You are given a string S, consisting of only '(' and ')' characters. You need to find the length of the longest substring which is a regular bracket sequence and also find the count of such substrings with the same length.
A bracket sequence is called regular, if parenthesis in the given expression is balanced. For example '()()', '(())' are the regular string but '((()' is not a regular parenthesis string. If no such substring exists, print "0 1" (without quotes).
Input format :
The first line of input contains an integer ‘T’, which denotes the number of test cases. Then each test case follows. Each line of the test case contains a string having characters ‘(‘ or ‘)’ in it.
Output format :
For each test case print, 2 space-separated integers representing the length of the longest substring with regular bracket sequence and the number of such substrings present in the input string.

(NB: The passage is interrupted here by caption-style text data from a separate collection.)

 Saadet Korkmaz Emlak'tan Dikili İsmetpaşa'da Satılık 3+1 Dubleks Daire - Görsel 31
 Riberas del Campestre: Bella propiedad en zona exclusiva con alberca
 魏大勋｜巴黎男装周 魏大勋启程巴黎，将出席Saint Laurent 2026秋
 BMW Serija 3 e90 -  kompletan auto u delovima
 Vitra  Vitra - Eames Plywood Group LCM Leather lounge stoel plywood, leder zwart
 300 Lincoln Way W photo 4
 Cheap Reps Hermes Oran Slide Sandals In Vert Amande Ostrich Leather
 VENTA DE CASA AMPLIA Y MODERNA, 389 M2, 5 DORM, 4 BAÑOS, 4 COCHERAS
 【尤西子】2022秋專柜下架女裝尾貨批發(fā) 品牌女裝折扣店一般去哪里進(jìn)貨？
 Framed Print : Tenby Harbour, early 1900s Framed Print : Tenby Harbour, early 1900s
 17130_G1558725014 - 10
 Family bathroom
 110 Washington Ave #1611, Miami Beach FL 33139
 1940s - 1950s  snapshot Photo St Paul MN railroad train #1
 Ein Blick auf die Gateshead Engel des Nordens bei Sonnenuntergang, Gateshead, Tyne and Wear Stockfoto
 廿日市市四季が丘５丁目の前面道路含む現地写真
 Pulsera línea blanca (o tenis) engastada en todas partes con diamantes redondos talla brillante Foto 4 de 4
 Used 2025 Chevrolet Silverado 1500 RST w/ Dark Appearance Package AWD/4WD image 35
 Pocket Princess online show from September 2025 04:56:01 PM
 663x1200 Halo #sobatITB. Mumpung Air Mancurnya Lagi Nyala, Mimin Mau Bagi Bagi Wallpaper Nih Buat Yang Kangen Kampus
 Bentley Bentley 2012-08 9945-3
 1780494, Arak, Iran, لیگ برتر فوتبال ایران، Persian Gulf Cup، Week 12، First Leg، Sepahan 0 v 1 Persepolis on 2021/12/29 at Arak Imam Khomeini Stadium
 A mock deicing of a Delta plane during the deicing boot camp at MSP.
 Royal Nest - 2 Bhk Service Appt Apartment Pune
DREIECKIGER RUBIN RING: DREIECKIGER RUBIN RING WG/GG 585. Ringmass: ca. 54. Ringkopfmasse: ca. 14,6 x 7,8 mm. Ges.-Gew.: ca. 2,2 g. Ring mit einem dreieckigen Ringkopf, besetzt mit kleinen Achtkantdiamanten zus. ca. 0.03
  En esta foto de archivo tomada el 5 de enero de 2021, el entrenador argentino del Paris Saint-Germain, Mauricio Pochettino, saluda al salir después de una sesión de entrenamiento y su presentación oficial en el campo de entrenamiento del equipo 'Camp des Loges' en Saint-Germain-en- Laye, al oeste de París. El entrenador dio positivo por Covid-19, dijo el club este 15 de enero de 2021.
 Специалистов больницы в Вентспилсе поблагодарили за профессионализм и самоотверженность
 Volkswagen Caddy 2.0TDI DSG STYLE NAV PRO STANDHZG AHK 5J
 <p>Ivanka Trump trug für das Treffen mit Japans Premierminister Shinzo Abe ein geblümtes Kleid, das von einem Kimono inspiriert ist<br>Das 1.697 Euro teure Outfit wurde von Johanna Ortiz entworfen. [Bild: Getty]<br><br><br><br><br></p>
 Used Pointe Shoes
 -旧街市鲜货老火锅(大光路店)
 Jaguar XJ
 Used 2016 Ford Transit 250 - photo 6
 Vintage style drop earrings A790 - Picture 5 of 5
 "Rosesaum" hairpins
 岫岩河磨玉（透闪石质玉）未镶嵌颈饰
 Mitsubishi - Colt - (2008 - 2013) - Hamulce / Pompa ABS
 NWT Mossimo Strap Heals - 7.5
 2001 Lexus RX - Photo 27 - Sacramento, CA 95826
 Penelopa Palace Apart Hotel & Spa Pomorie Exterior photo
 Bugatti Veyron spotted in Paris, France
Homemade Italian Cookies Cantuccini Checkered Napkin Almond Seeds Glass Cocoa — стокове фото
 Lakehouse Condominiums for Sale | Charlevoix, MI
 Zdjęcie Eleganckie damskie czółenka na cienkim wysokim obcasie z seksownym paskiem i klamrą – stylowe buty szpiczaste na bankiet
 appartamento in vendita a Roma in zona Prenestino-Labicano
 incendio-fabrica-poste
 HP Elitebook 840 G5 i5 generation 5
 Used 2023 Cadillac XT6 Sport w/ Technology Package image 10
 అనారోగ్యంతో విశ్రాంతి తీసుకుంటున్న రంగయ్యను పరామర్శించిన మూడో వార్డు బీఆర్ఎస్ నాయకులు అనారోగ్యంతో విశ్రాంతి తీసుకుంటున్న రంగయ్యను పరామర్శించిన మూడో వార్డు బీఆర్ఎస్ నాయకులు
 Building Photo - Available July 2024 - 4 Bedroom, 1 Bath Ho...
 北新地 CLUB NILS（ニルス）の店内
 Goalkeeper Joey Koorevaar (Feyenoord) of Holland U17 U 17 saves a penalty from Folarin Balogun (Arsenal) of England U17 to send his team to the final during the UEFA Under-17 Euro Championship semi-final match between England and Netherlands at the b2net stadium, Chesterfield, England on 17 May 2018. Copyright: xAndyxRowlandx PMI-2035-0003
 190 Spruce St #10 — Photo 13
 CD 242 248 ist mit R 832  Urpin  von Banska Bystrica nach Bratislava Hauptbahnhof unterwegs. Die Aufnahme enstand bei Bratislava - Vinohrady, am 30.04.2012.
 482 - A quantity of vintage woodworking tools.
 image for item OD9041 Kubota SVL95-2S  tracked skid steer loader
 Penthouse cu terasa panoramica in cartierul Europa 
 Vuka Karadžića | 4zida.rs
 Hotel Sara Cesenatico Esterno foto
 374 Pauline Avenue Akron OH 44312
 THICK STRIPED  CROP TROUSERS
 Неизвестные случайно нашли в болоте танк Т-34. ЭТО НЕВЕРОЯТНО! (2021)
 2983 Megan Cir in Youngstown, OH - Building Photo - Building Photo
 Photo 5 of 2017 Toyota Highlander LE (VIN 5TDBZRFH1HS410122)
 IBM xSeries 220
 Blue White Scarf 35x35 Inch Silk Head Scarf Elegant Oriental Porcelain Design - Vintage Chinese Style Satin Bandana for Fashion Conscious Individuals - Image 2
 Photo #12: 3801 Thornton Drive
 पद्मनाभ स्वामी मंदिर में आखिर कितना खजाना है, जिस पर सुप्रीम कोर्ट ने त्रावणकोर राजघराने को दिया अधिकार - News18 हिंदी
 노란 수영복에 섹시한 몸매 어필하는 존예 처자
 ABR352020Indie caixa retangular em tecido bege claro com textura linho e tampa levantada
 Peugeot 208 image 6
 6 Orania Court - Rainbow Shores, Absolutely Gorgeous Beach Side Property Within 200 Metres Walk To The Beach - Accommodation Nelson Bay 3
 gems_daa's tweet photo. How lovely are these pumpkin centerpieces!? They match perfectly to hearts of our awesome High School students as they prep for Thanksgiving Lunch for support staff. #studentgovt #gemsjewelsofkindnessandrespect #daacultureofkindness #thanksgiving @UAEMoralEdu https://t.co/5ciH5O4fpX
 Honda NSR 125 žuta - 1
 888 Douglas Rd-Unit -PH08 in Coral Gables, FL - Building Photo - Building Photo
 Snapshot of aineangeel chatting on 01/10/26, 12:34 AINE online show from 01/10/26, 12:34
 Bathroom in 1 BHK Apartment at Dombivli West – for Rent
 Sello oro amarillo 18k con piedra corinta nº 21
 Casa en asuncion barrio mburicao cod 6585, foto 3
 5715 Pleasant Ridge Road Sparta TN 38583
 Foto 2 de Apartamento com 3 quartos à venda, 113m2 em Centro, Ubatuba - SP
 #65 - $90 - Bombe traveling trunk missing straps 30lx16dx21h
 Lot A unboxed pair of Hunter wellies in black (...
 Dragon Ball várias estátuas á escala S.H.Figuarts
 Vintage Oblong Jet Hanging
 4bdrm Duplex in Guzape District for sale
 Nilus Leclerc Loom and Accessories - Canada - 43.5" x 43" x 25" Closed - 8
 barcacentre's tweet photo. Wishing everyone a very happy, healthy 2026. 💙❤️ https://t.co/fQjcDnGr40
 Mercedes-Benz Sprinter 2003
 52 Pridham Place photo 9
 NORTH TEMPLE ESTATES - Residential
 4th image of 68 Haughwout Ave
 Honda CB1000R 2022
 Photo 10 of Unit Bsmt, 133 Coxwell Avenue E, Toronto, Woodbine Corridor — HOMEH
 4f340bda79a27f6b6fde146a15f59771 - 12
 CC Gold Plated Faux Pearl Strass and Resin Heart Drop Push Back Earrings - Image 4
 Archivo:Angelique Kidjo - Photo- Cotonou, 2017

Update the length of the longest regular bracket substring in the variable ‘length’ and store the count of such substring in variable ‘count’ passed as parameters in the given function.
1 <= T <= 5 1 <= N <= 10 ^ 4 Time Limit : 1 sec.
You don’t need to print anything, it has already been taken care of. Just implement the given function.
The idea is to store the indices of the opening and closing brackets of the regular expression and then to count the length of the longest regular parentheses subsequence in the given string along with the count of such regular parentheses subsequence having the same length.
- First of all, for each closing bracket in our string let's define 2 values:
- opening[j] = position of corresponding open bracket, or INT_MAX if the closing bracket doesn't belong to any regular bracket sequence.
- closing[j] = position of earliest balanced opening bracket, such that substring of ‘inputString[closing[j], j]’ is a regular bracket sequence. Let's consider closing[j] to be INT_MAX if the closing bracket doesn't belong to any regular bracket sequence.
- ‘closing[j]’ defines the beginning position of the longest regular bracket sequence, which will end in position j.
- Both ‘opening[j’] and closing[j] can be found with the following algorithm, which uses the stack.
- Iterate through the characters of the string.
- If the current character is an opening bracket, put its index into the stack.
- If the current character is a closing bracket, there are 2 subcases:
- Stack is empty - this means that the current closing bracket doesn't have a corresponding open one. Hence, both opening[j] and closing[j] are equal to INT_MAX.
- If the Stack is not empty - we will have the position of the corresponding open bracket on the top of the stack - put it to ‘opening[j]’ and remove this position from the stack.
- Now ‘closing[j]’ is equal to either opening[j] or there can be a better value for closing[j] (some earlier continuous balance). It will be the position opening[j] - 1. If there is a closing bracket at this position, and closing[opening[j] - 1] is not INT_MAX, then we have 2 regular bracket sequences inputstring(closing[opening[j] - 1] to opening[j] - 1) + inputstring(opening[j], j), which can be concatenated into one larger regular bracket sequence. so we put closing[j] to be closing[opening[j] - 1] for this case.